AIM OF THE TASK ▸ Please transcribe, word for word, only the lines from the one containing "27382 Greenwood Isle" through the last line of the records below, both included, and leave out every picture.

(Image-text web data)
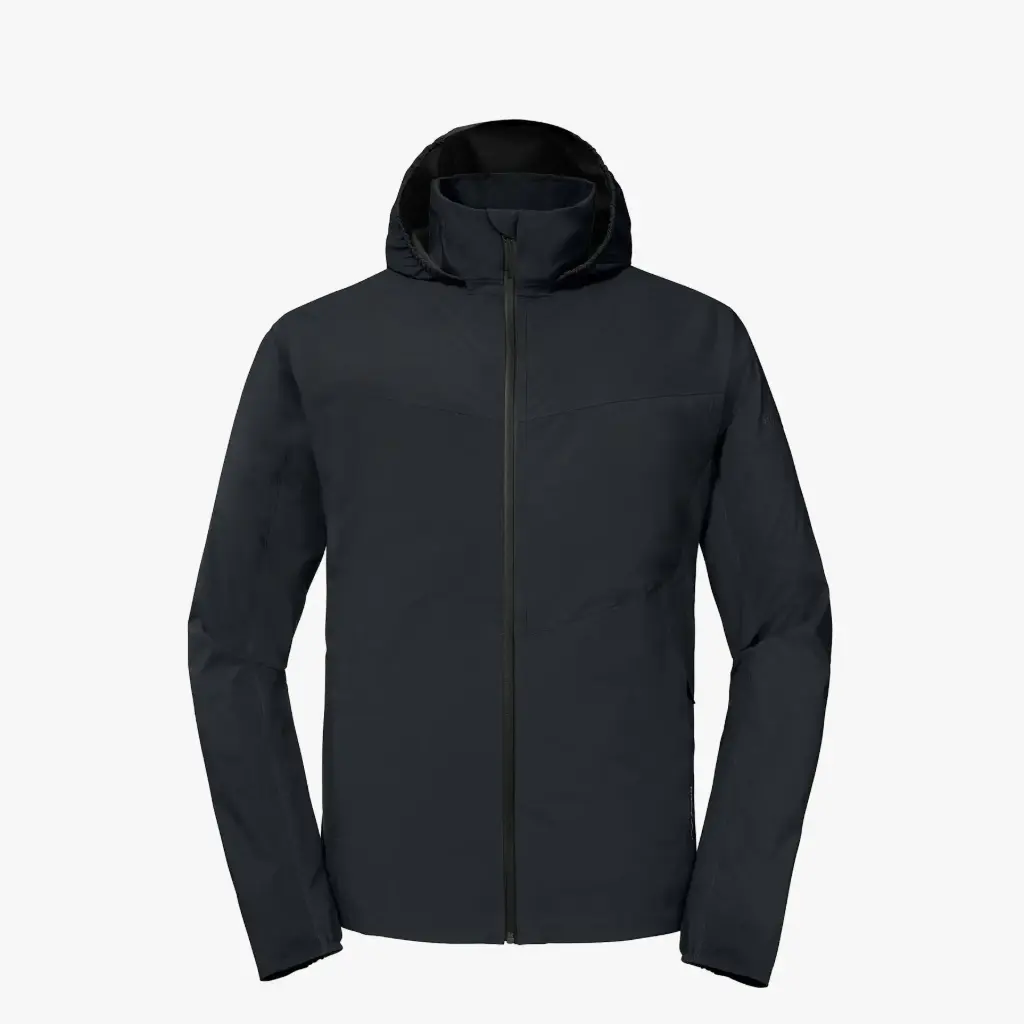 Regenschutz Herren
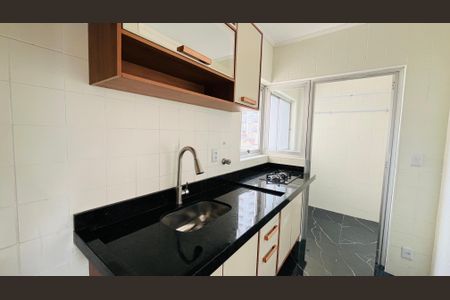 Apartamento à venda com 39m², 1 quarto e sem vaga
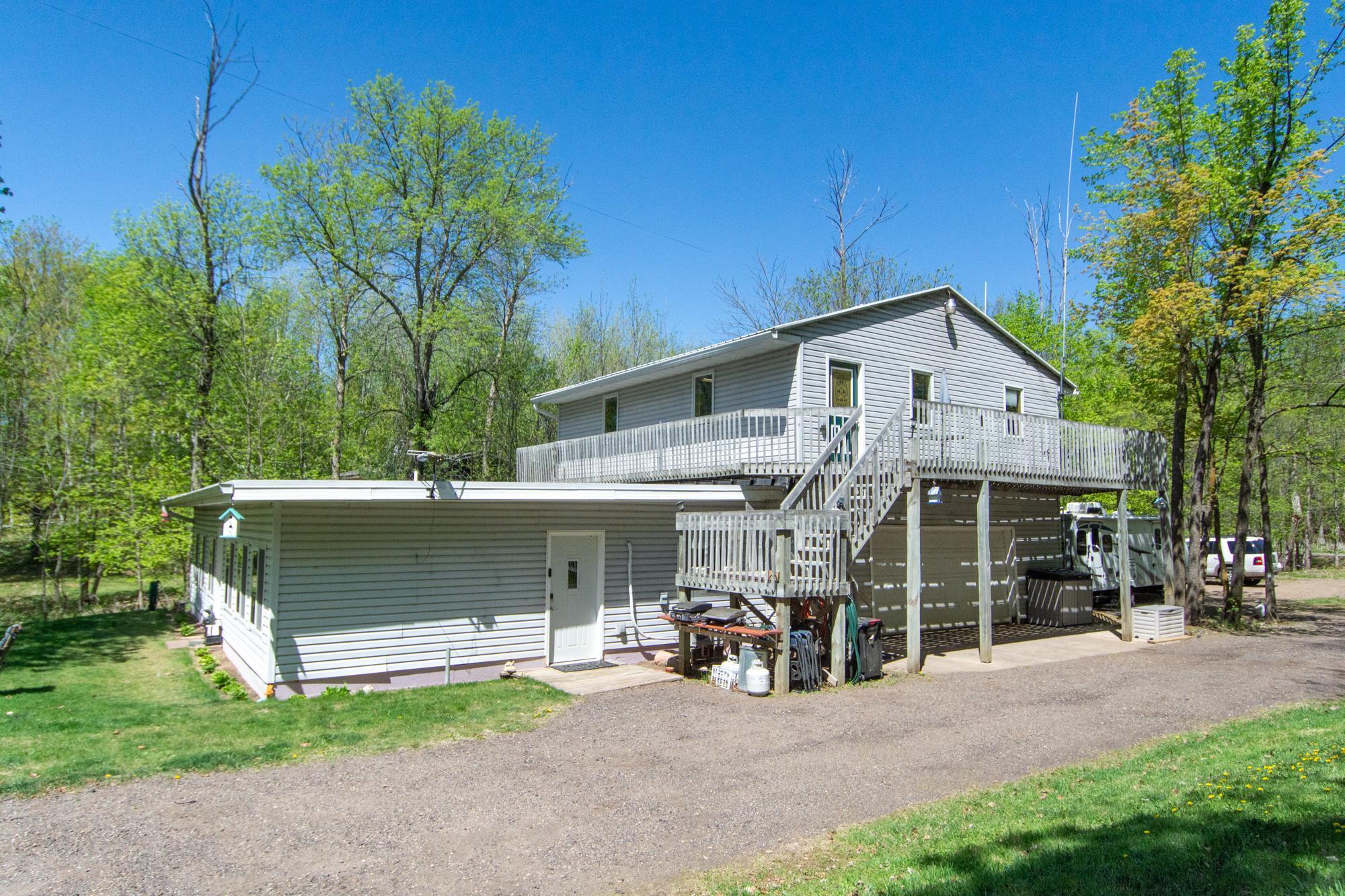 27382 Greenwood Isle Circle, Deerwood, Minnesota image 17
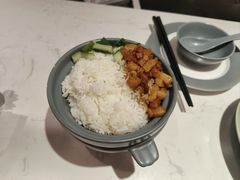 -鹿港小镇(悠唐店)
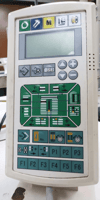 Typical GT-1790S D.Drive Elektronik Kilit Dikiş İlik Makinesi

ANSWER TO THIS TASK ▸
 27382 Greenwood Isle Circle, Deerwood, Minnesota image 17
 -鹿港小镇(悠唐店)
 Typical GT-1790S D.Drive Elektronik Kilit Dikiş İlik Makinesi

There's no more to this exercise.